#### [What you are asked to do]
Ignoring the pictures, copy the data exactly.

#### [Material provided]
····················

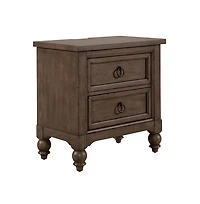Liberty Furniture Industries, Inc 2 Drawer Night Stand w/ Charging Station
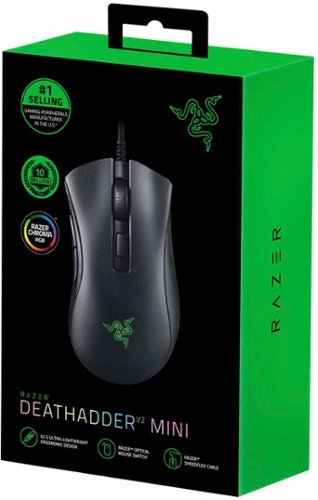 Razer DeathAdder V2 Mini Lightweight Wired Optical Gaming Mouse with 6 Programmable Buttons - Wired - Black WORLDWIDE DELIVERY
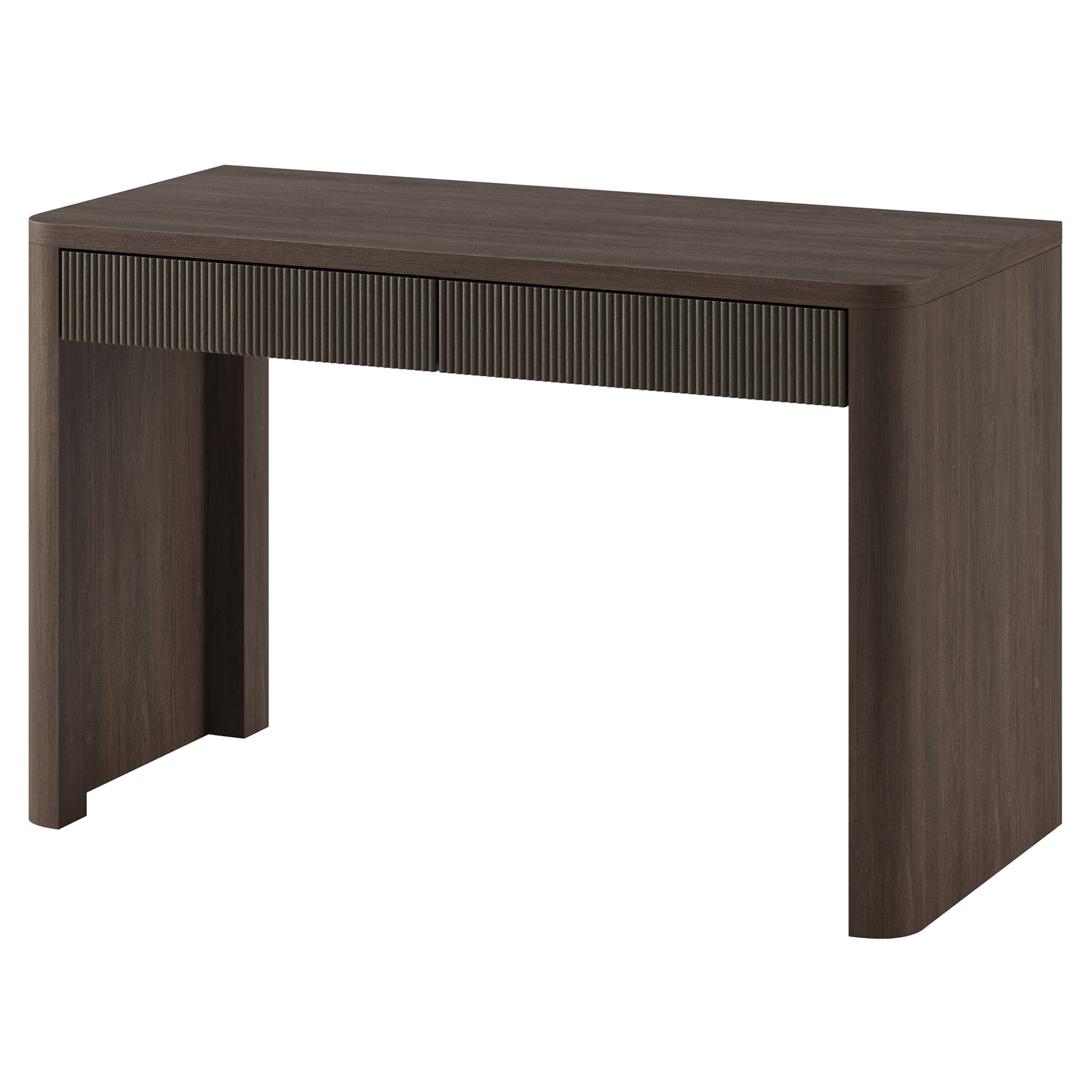 Evelyn&Zoe Modern/Contemporary 47.5" Wide Brown Oak Home Office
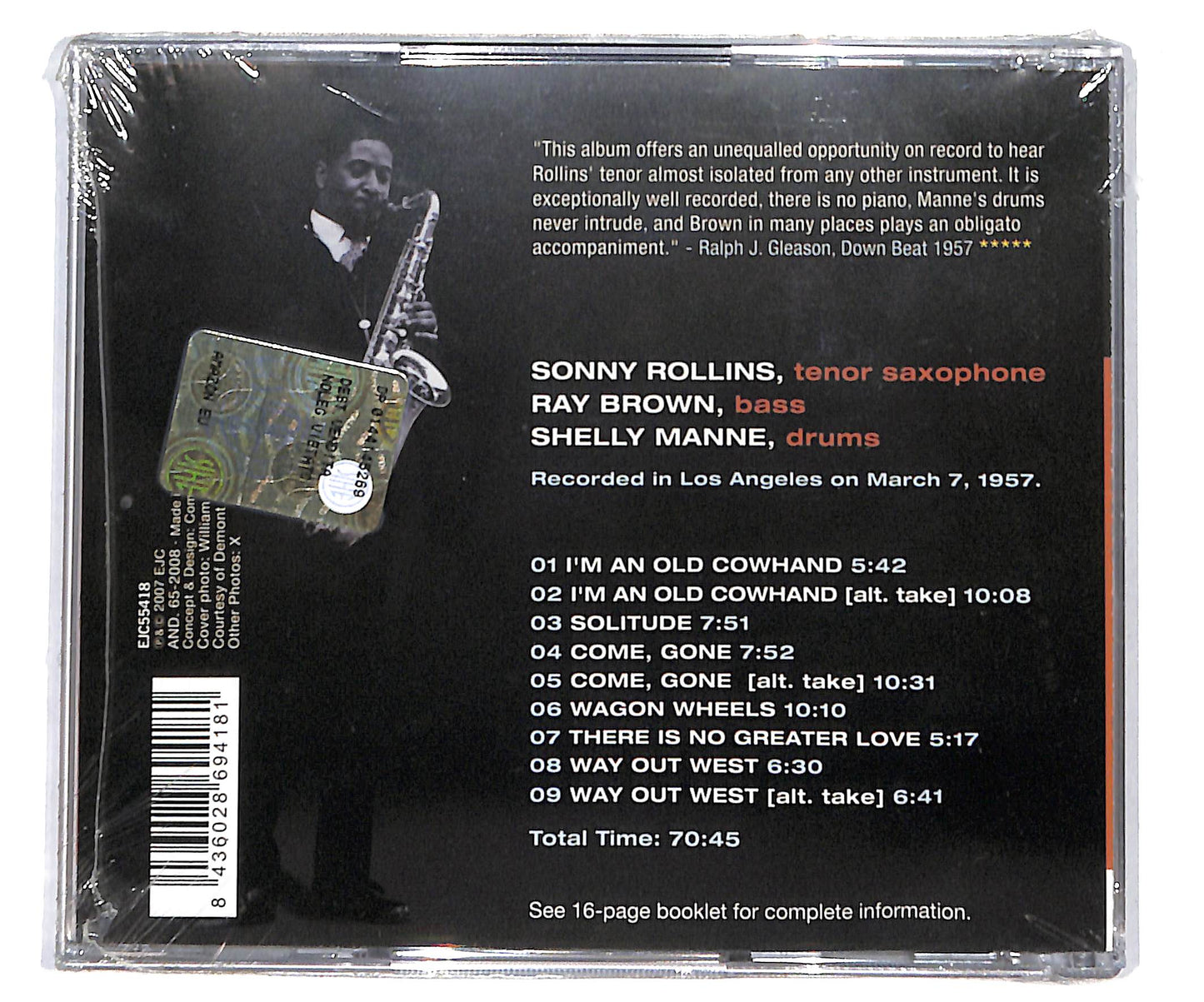 EBOND Sonny Rollins - Way Out West CD CD134440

····················

#### [Result of the task]
Liberty Furniture Industries, Inc 2 Drawer Night Stand w/ Charging Station
 Razer DeathAdder V2 Mini Lightweight Wired Optical Gaming Mouse with 6 Programmable Buttons - Wired - Black WORLDWIDE DELIVERY
 Evelyn&Zoe Modern/Contemporary 47.5" Wide Brown Oak Home Office
 EBOND Sonny Rollins - Way Out West CD CD134440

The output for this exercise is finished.